En 2003, le patronat et trois syndicats (CFDT, CFE-CGC et CFTC) avaient durci les conditions pour bénéficier de ce système. L’accord avait provoqué une fronde du milieu du spectacle, conduisant cet été-là à l’annulation historique des festivals d’Avignon, d’Aix-en-Provence et des Francofolies de La Rochelle. Le conflit s’était poursuivi jusqu’en 2007 et le gouvernement avait dû jouer les pompiers en créant un fonds d’aide pour atténuer les effets de la réforme. Depuis, les partenaires sociaux ont prudemment opté pour le statu quo et les règles d’indemnisation n’ont quasiment pas évolué.

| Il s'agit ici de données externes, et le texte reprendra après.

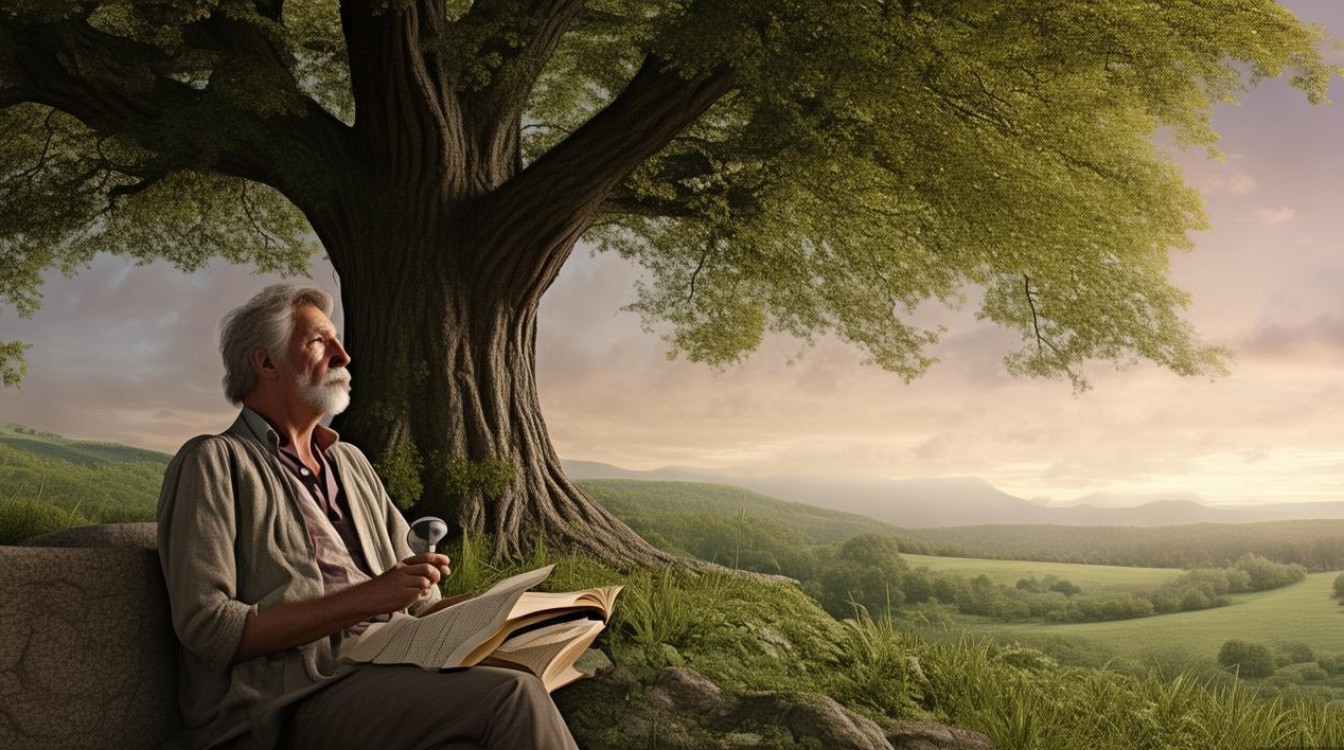 浮士德名言千年过时？现代困境仍需它解答？-图1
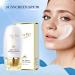 Brightening Sunscreen Spf 50 UVA/UVB Moisturising Face Sunscreen Very Water+Sweat Resistant Sunscreen Powerful Sun Protection With Brown Spot Reduction Evens Skin Tone Sensitive Skin Sun Cream - Buy Online on GoSupps.com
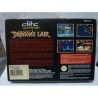 DRAGON'S LAIR complet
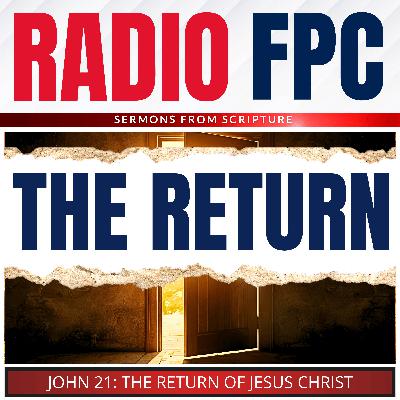 John: The Return Of Jesus Christ
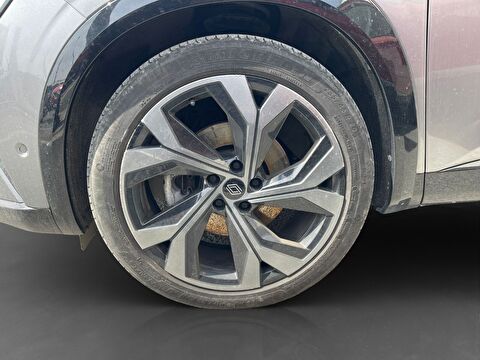 renault, austral, 1.3 mild hybrid techno esprit alpine, otomatik, benzin 2.el otomobil | renew 7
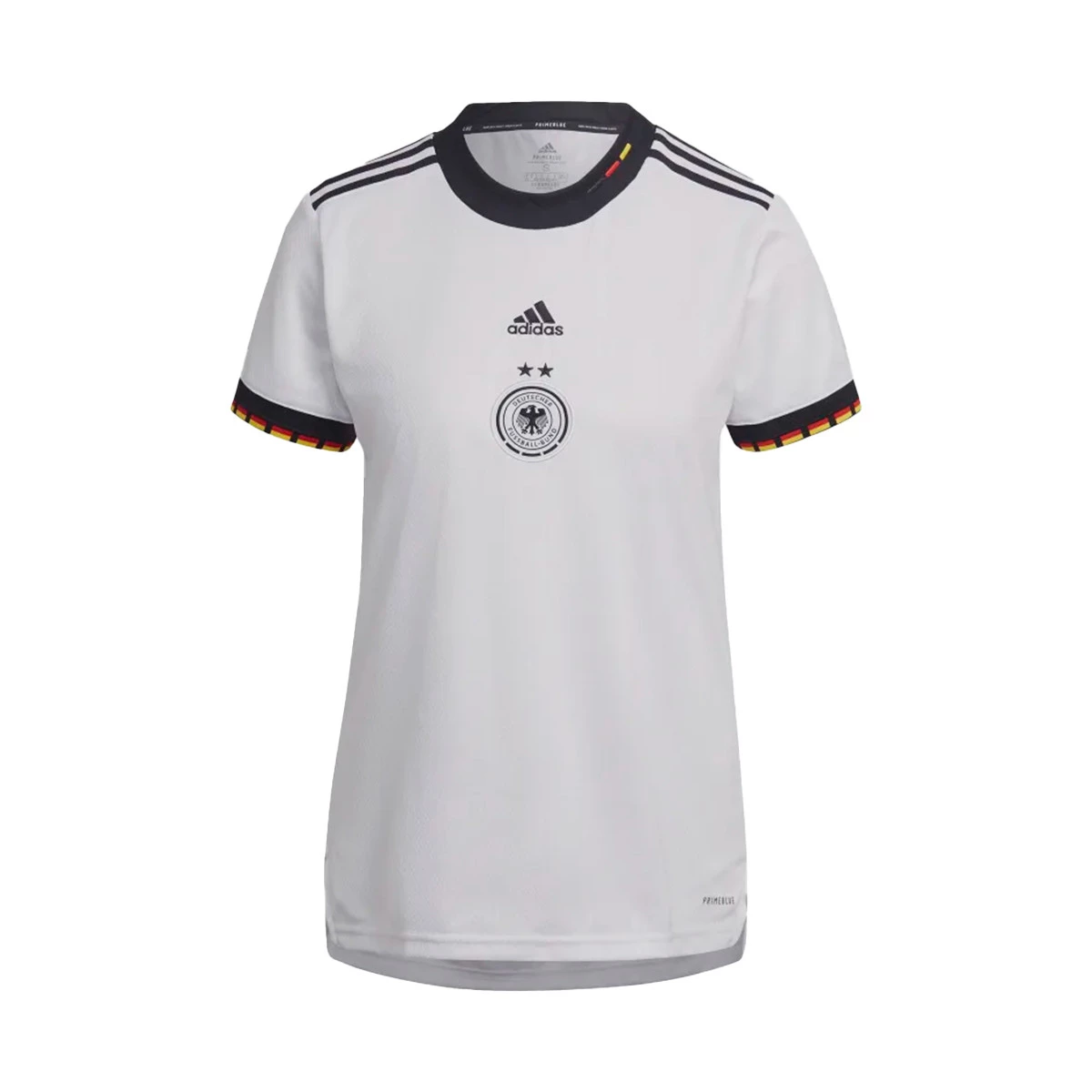 Primera Camiseta Alemania Euro 2022 Tailandia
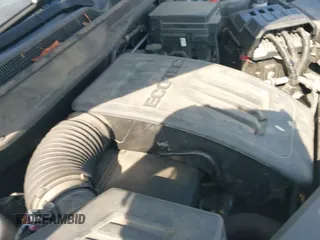 ✅ 2011 GMC Terrain SLE-2 • VIN: 2CTFLTEC8B6279413 • Lot: 42812539. Listed on IAAI with 120,466 mi. Free auction sales archive from the USA and detailed vehicle history report at DreamBid. Image 12.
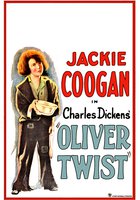 Оливер Твист
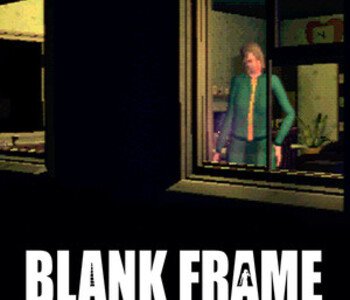 Blank Frame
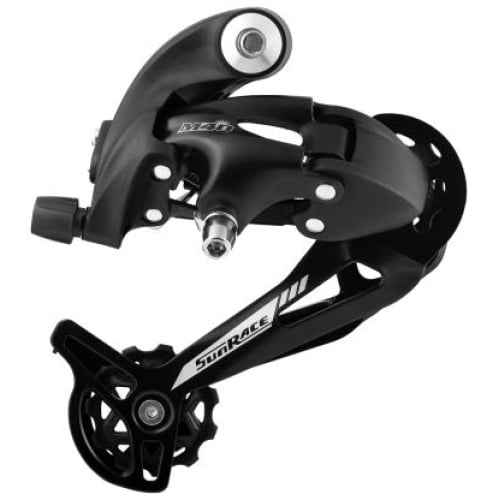 Achterderailleur M41 Lange Kooi met Oog
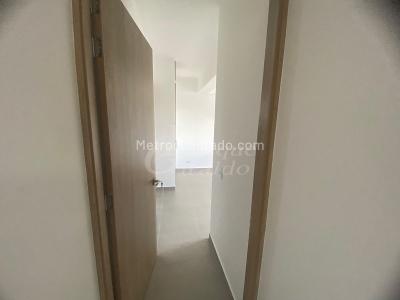 Apartamento de 2 alcobas en arriendo en Barro Blanco, Rionegro, 68 m² · foto 11 de 14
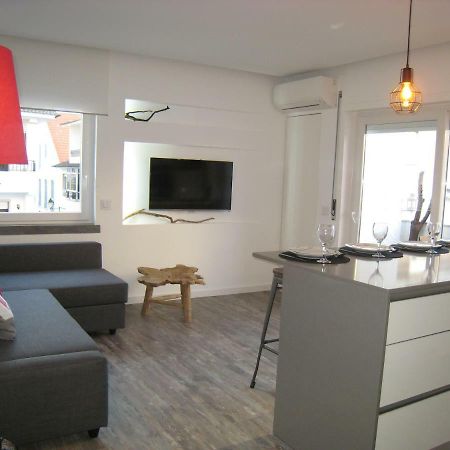 Ferienwohnung Cascais Unike Exterior foto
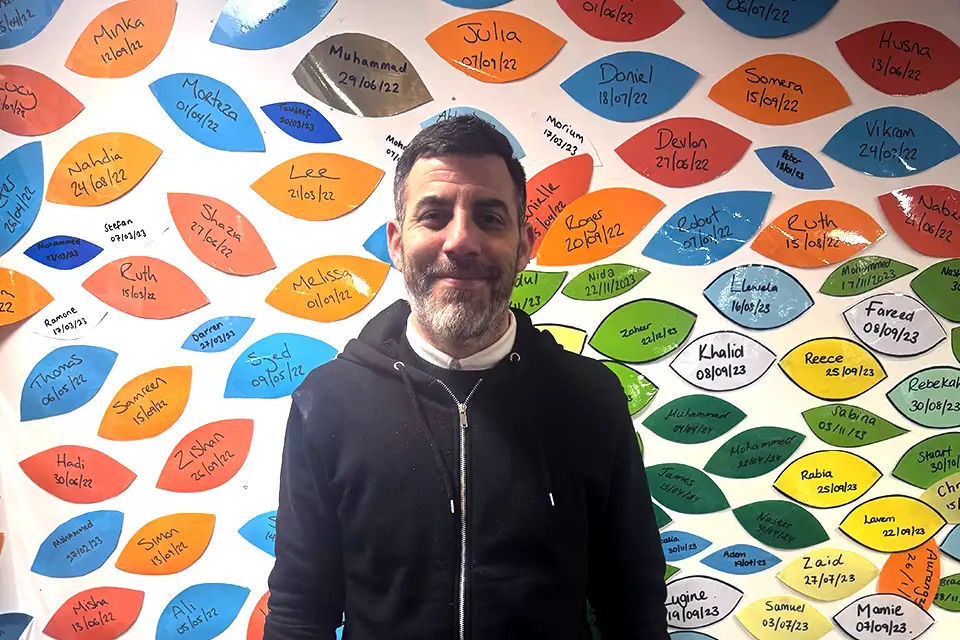 Employment caring for family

Quelles pistes d’évolutions?

Le Medef prône la suppression pure et simple du régime des intermittents. Ces derniers ne travaillant pas deviendraient des chômeurs comme les autres, soumis aux mêmes droits, et aux mêmes cotisations. L’ancienne patronne du syndicat patronal Laurence Parisot s’est quant à elle aligné sur les propositions de la ministre de la Culture en défendant un plafonnement du cumul des salaires et des allocations chômages. La CGT Spectacle, principal syndicat de la profession, s’accorde avec le gouvernement sur la possibilité de plafonner mensuellement le cumul des allocations avec les salaires. Elle souhaite également étendre à douze mois la période pendant laquelle un intermittent peut obtenir ses 507 heures, pour une indemnisation de douze mois.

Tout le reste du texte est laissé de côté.